→ **Your objective**:
With the pictures removed, retype the lines from the one holding "Katlanan bıçakla taktik eldiven giyen adam.." through the end of the records, exactly as written.

--- Data for review ---

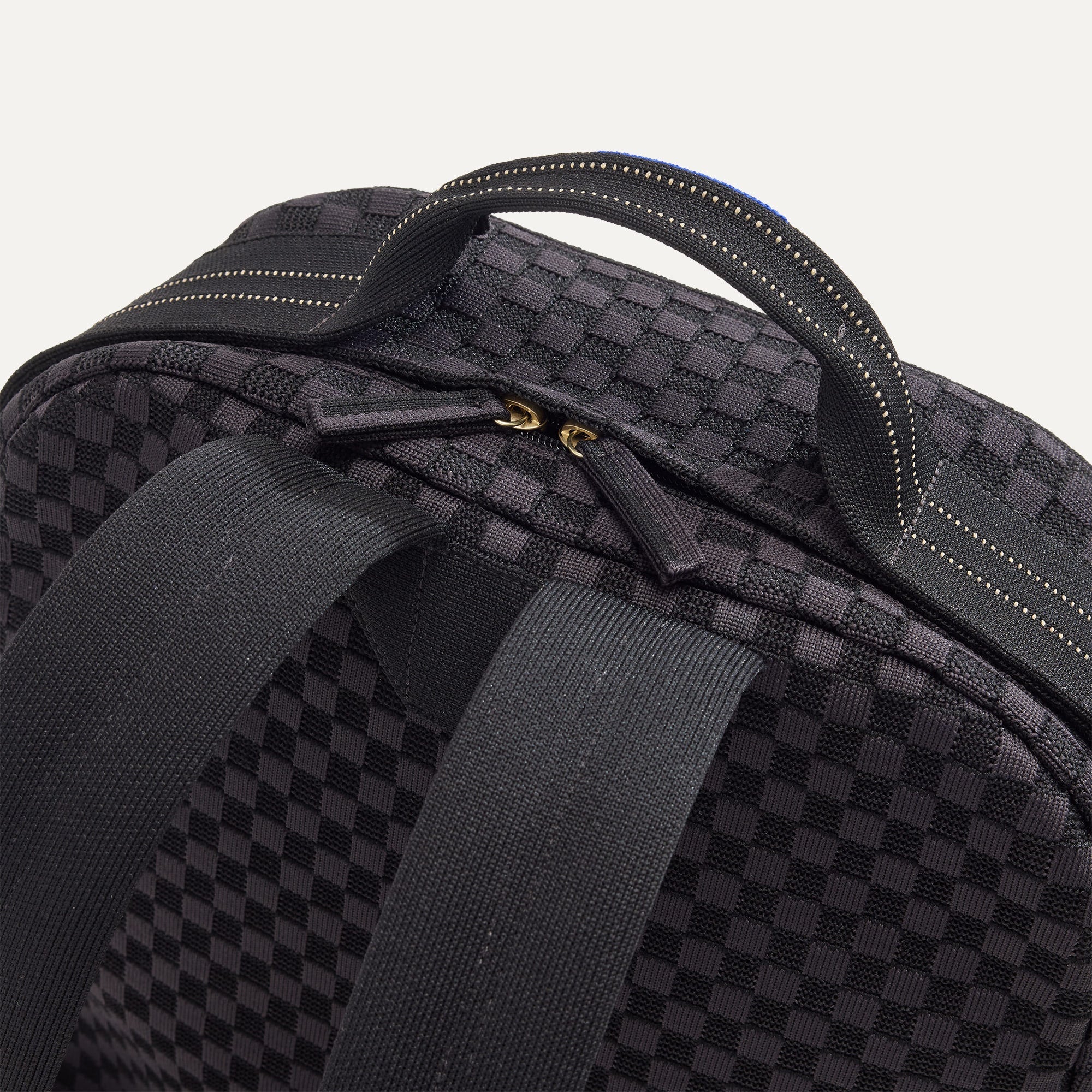 A close up of The Backpack in Black Sand showing the hidden zipper closure.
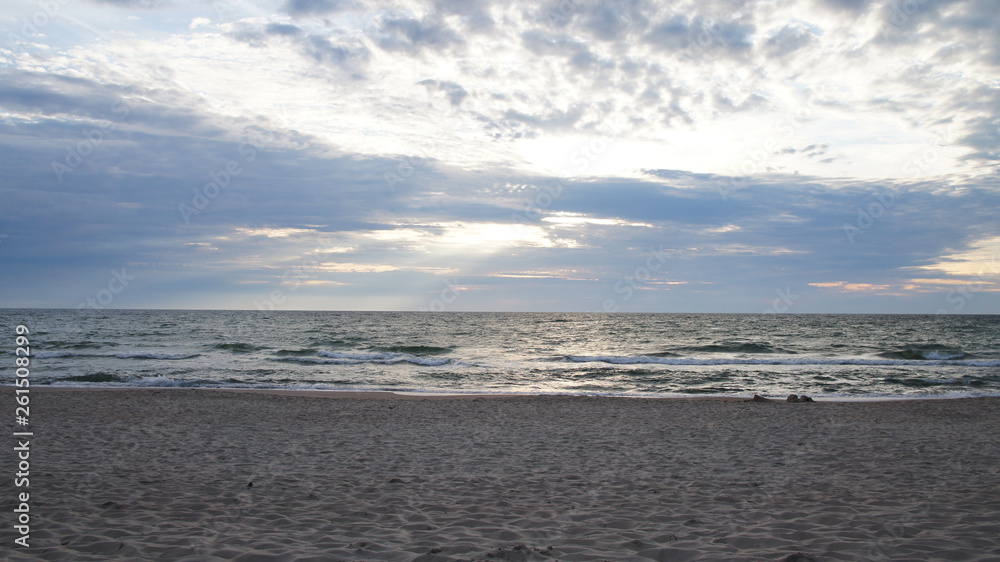 Summer evening sunny sunset in the sea on the shore. Summer evening sunny sunset in the sea on the shore.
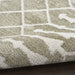 Close-up of a textured rug with a grid pattern on a wooden floor.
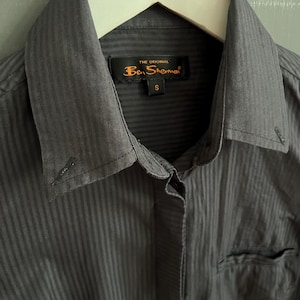 May include: A close-up of a charcoal grey button-down shirt with vertical stripes. The shirt features a collar, a chest pocket, and a tag reading "THE ORIGINAL Ben Sherman" with a size "S". The shirt is hanging on a white hanger.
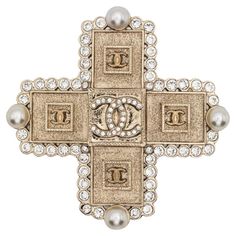 Chanel 2000s CC rhinestone-embellished cross brooch featuring gold-plated hardware, a cross motif, a signature interlocking CC logo, rhinestone embellishment, faux-pearl embellishment, a pin fastening, a back plaque. Circa 2000s . Made in France Length: 1.96in. (5cm) Width: 1.96in. (5cm) Excellent vintage condition. Made in France. We guarantee you will receive this gorgeous item as described and showed on photos. Chanel 2000s, Sophie's Choice, Cross Brooch, Pearl Embellishment, Gold Brooch, Shopping Chanel, Gold Brooches, A Cross, Cc Logo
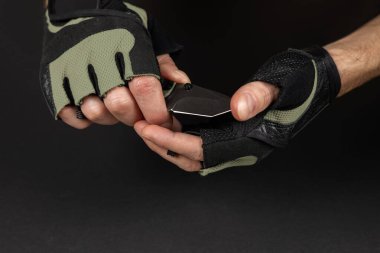 Katlanan bıçakla taktik eldiven giyen adam..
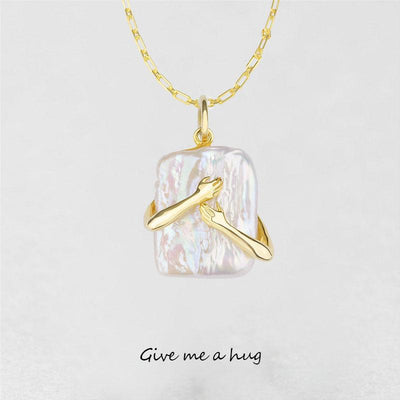 🤍 Iridescent Hands Embrace Necklace – Gold Square Pendant of Love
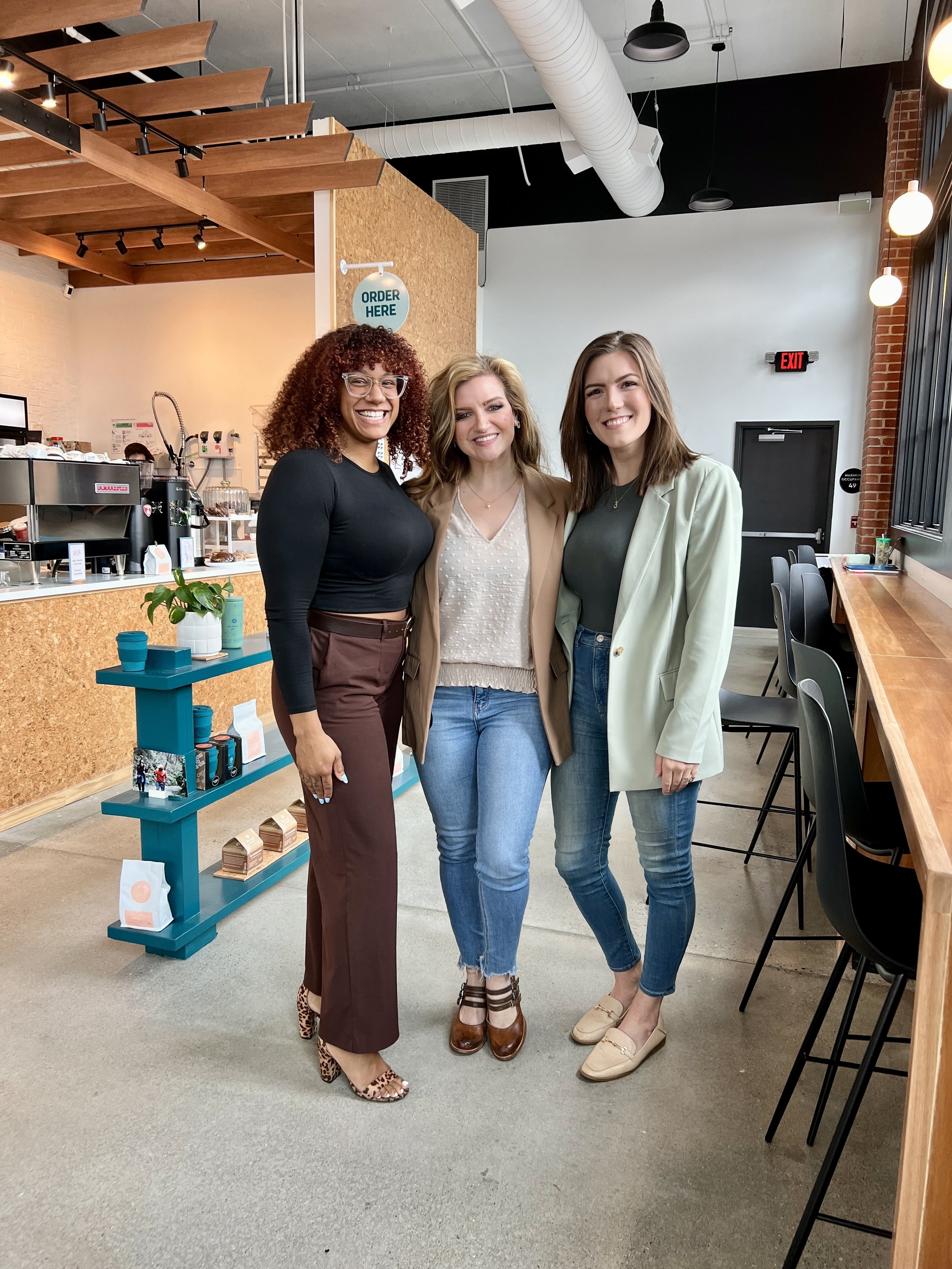 Three women smiling and standing in a modern cafe, next to a wooden counter and a coffee machine, with shelves displaying products in the background.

---

→ **Output of the task**:
 Katlanan bıçakla taktik eldiven giyen adam..
 🤍 Iridescent Hands Embrace Necklace – Gold Square Pendant of Love
 Three women smiling and standing in a modern cafe, next to a wooden counter and a coffee machine, with shelves displaying products in the background.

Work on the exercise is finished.